Written by Kaili

With the development of large-scale language models, ChatGPT has led the emergence of various applications such as ChatPDF, BingGPT, NotionAI and so on. Much attention has been paid to the rapid progress of model generation, but little attention has been paid to the indispensable Embedding model that underpins the implementation of many large language models. This article will mainly introduce why Embedding models are very important in large language models, the current mainstream Embedding training methods, and some of our thoughts on the preliminary exploration of Embedding models.

First, Embedding technology introduction and historical summary

In machine learning and natural language processing, Embedding models refer to the process of mapping high-dimensional data (e.g., text, pictures, videos) to low-dimensional space.
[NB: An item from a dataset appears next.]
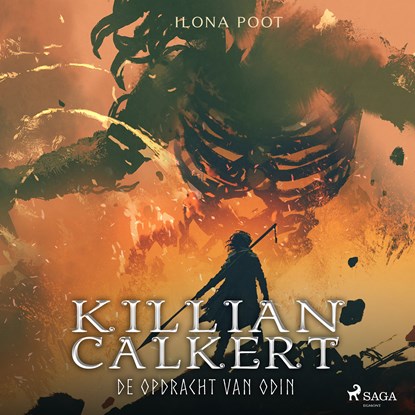 Killian Calkert, de opdracht van Odin, Ilona Poot - Luisterboek MP3 - 9788728304457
In simple terms, an embedding vector is an N-dimensional real-valued vector that represents the input data as points in a continuous numeric space. This article focuses on text embedding.

Why are Embedding models important in big language models?

Embedding is important because it can represent the semantics of a word or statement. Real-valued vector embedding can represent the semantics of words, mainly because these embedding vectors are learned based on the pattern of occurrence of words in the context of language. For example, if a word often appears with another word in some context, then the embedding vectors of the two words will have similar positions in the vector space. This means that they have similar meanings and semantics.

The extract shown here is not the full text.